[Items from a dataset]

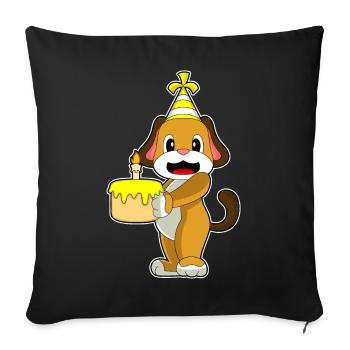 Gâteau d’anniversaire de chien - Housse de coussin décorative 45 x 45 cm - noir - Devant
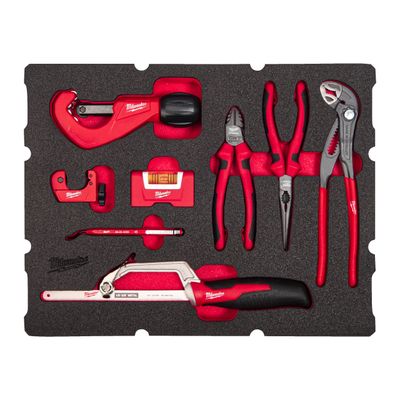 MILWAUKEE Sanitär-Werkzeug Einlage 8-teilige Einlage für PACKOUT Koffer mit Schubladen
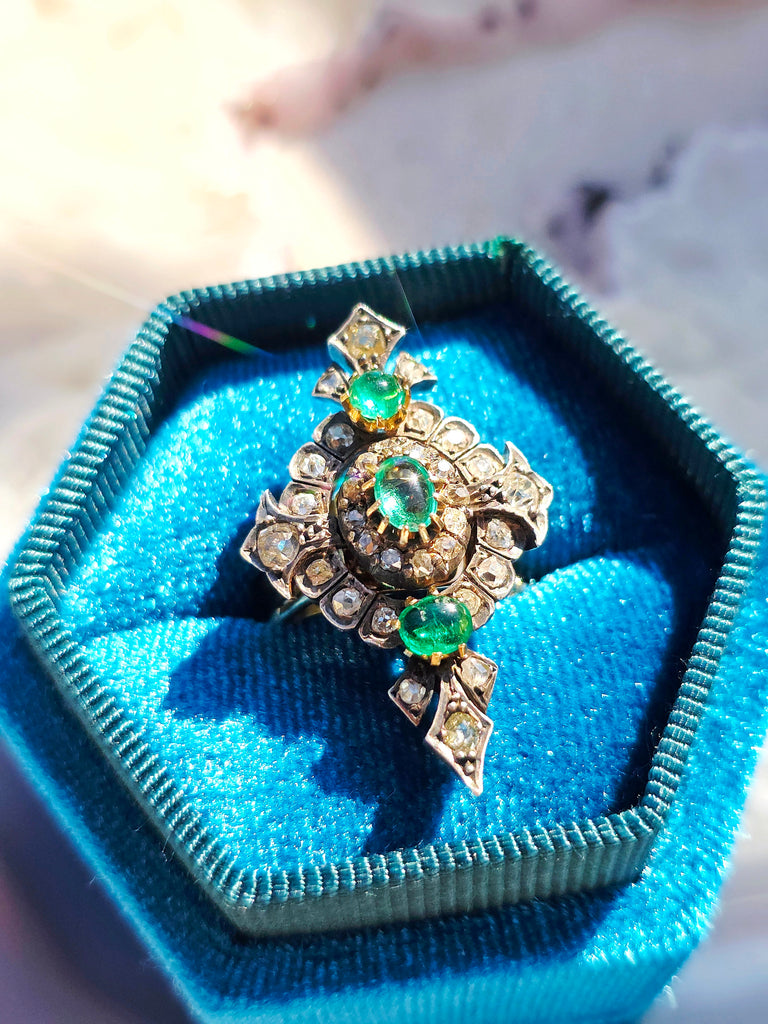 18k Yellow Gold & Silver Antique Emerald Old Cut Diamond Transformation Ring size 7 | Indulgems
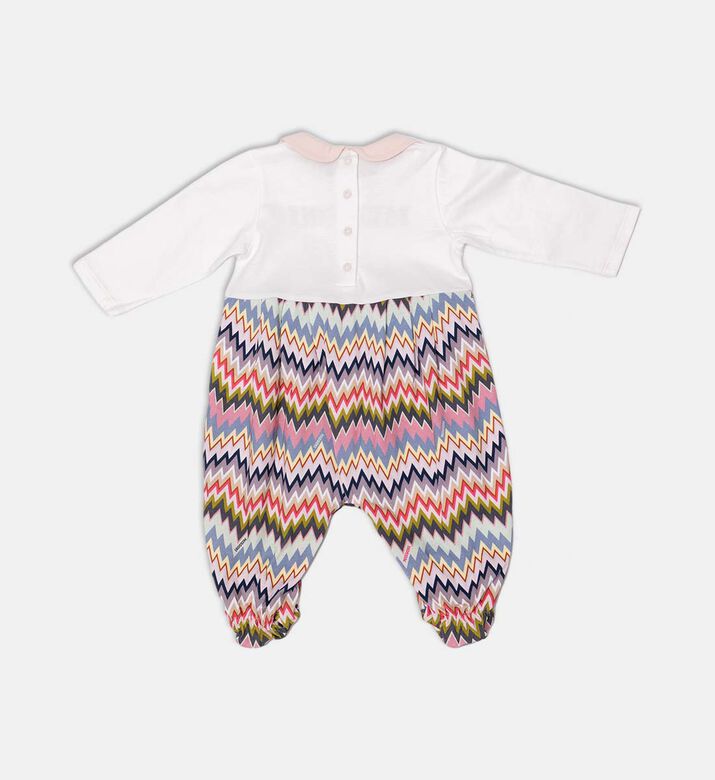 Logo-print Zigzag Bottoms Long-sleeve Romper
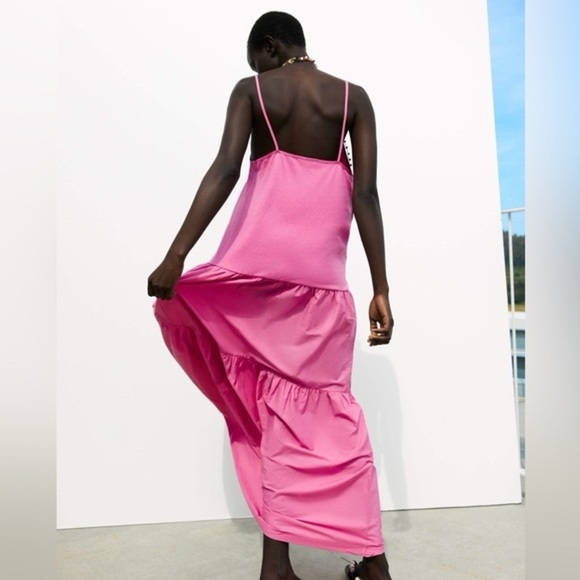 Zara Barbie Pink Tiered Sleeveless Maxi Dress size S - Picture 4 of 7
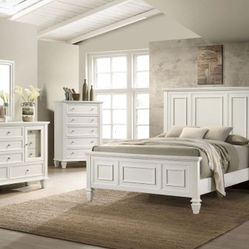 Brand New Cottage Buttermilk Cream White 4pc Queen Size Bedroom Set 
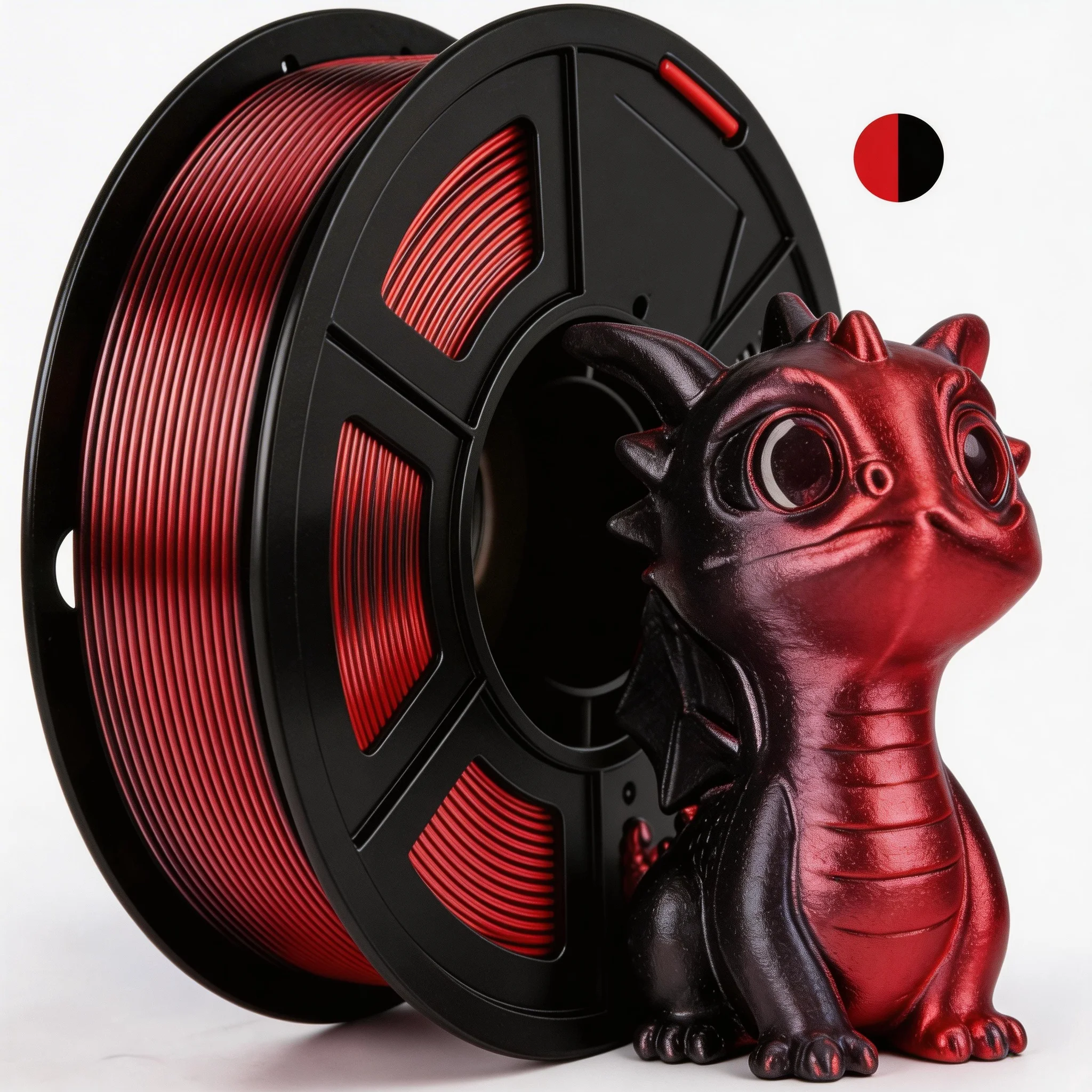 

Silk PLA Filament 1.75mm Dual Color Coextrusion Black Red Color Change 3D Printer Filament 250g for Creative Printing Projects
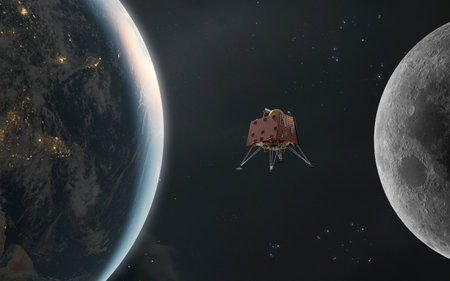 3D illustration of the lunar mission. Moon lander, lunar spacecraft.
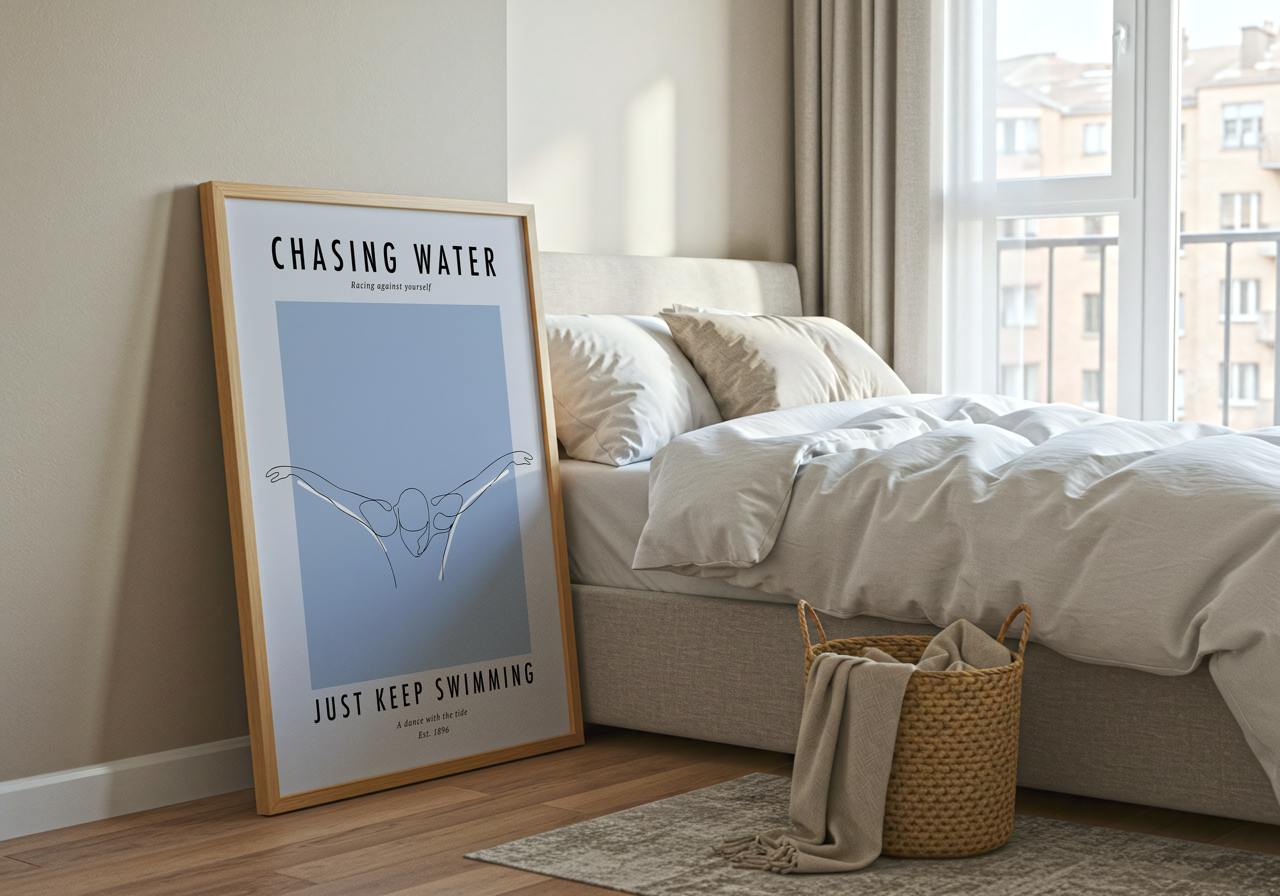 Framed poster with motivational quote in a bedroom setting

## WORK REQUEST
Could you repeat exactly the lines from the one containing "Silk PLA Filament" through the last line of the records, both included, without the pictures?

## RESPONSE AREA
Silk PLA Filament 1.75mm Dual Color Coextrusion Black Red Color Change 3D Printer Filament 250g for Creative Printing Projects
 3D illustration of the lunar mission. Moon lander, lunar spacecraft.
 Framed poster with motivational quote in a bedroom setting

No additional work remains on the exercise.